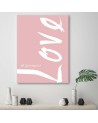 Pink love lettering - Bedroom canvas pictures with quote | FEEBY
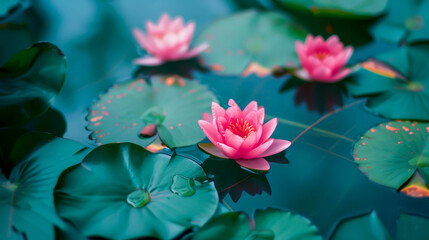 Naklejka premium A group of pink flowers floating in a pond. The flowers are surrounded by green leaves and the water is calm. Concept of tranquility and serenity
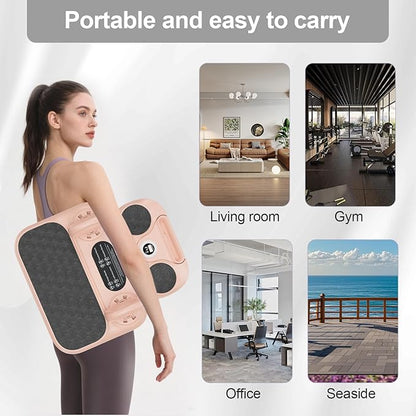 Multifuncional Pilates Board & Push Up System with Timer, Ab Wheel & Core Sliders, Portable Home Gym Kit with Resistance Ropes & Plank Support, Full Body Workout for Women & Men (Simulates Reformer)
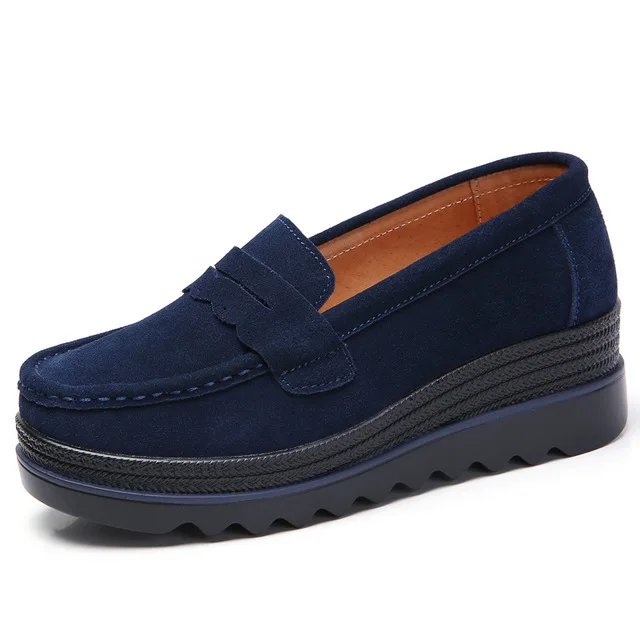Женская обувь на платформе; Лоферы без шнуровки из замши и коровьей кожи; дышащая удобная модная женская Повседневная прогулочная обувь - Цвет: Navy blue 03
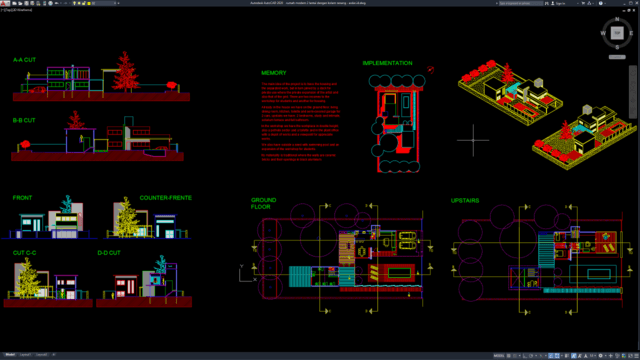 rumah modern 2 lantai plus kolam renang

··········

## What needs to be done
Produce a verbatim copy of the listing, leaving out all pictures.

## Task response
 Pink love lettering - Bedroom canvas pictures with quote | FEEBY
 Naklejka premium A group of pink flowers floating in a pond. The flowers are surrounded by green leaves and the water is calm. Concept of tranquility and serenity
 Multifuncional Pilates Board & Push Up System with Timer, Ab Wheel & Core Sliders, Portable Home Gym Kit with Resistance Ropes & Plank Support, Full Body Workout for Women & Men (Simulates Reformer)
Женская обувь на платформе; Лоферы без шнуровки из замши и коровьей кожи; дышащая удобная модная женская Повседневная прогулочная обувь - Цвет: Navy blue 03
 rumah modern 2 lantai plus kolam renang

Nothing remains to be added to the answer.